=== Begin Enclosure ===
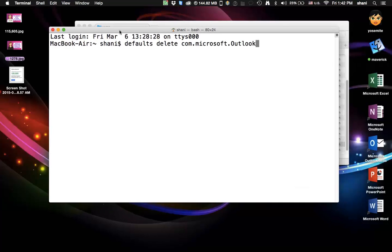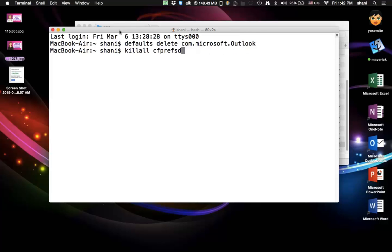First one is this one, and I'll put that in the comments area for you to copy and paste it. You hit return, and then you run this one, which is killallcfprefsd, hit return, that's all there is to it.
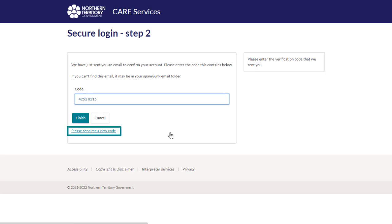The code is valid for 10 minutes. Click finish to complete the login process.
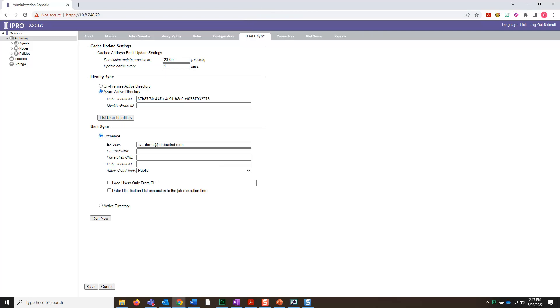The first step is to add in the Exchange Service account username if it's not already entered. Then enter in the password.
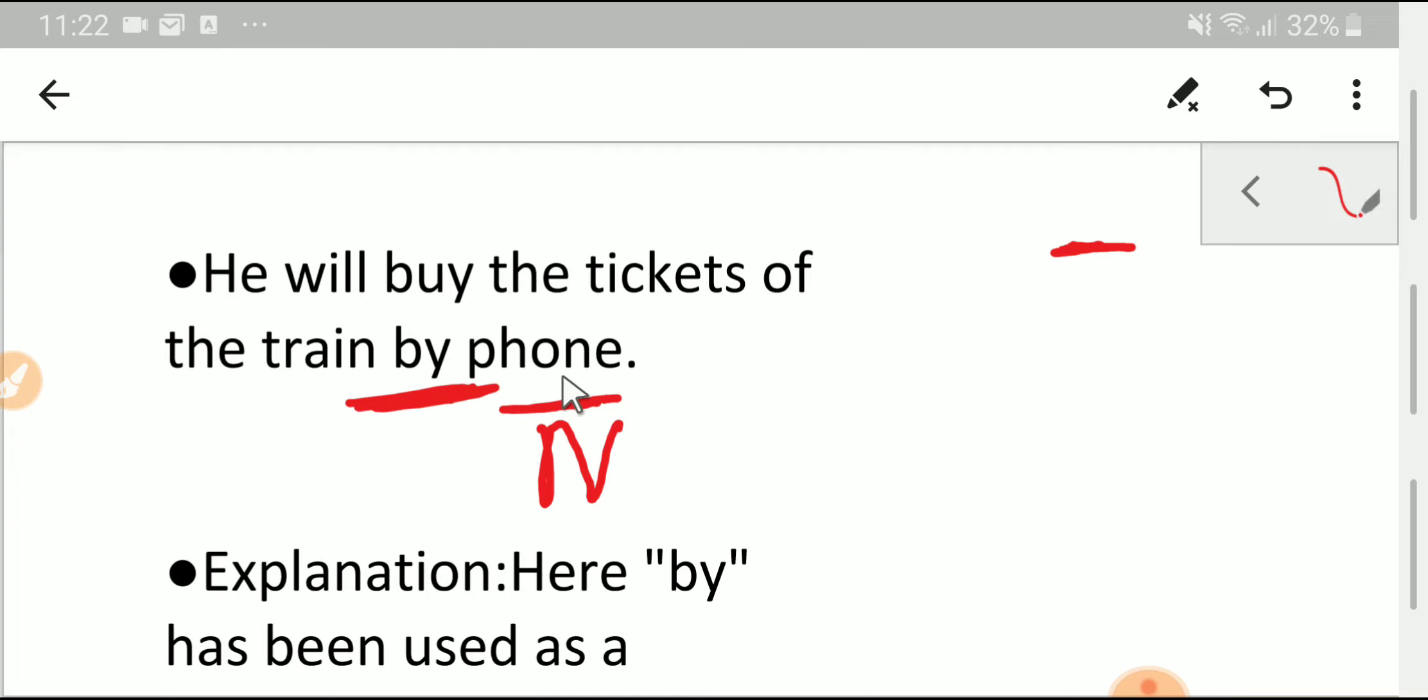Well, this is a phone, right? This is a noun. And 'by phone' is a prepositional phrase. Preposition plus noun consists of a prepositional phrase. And prepositional phrases can function as an adverb or an adjective.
=== End Enclosure ===
Please copy the data shown above word for word, omitting the pictures.

First one is this one, and I'll put that in the comments area for you to copy and paste it. You hit return, and then you run this one, which is killallcfprefsd, hit return, that's all there is to it.
The code is valid for 10 minutes. Click finish to complete the login process.
The first step is to add in the Exchange Service account username if it's not already entered. Then enter in the password.
Well, this is a phone, right? This is a noun. And 'by phone' is a prepositional phrase. Preposition plus noun consists of a prepositional phrase. And prepositional phrases can function as an adverb or an adjective.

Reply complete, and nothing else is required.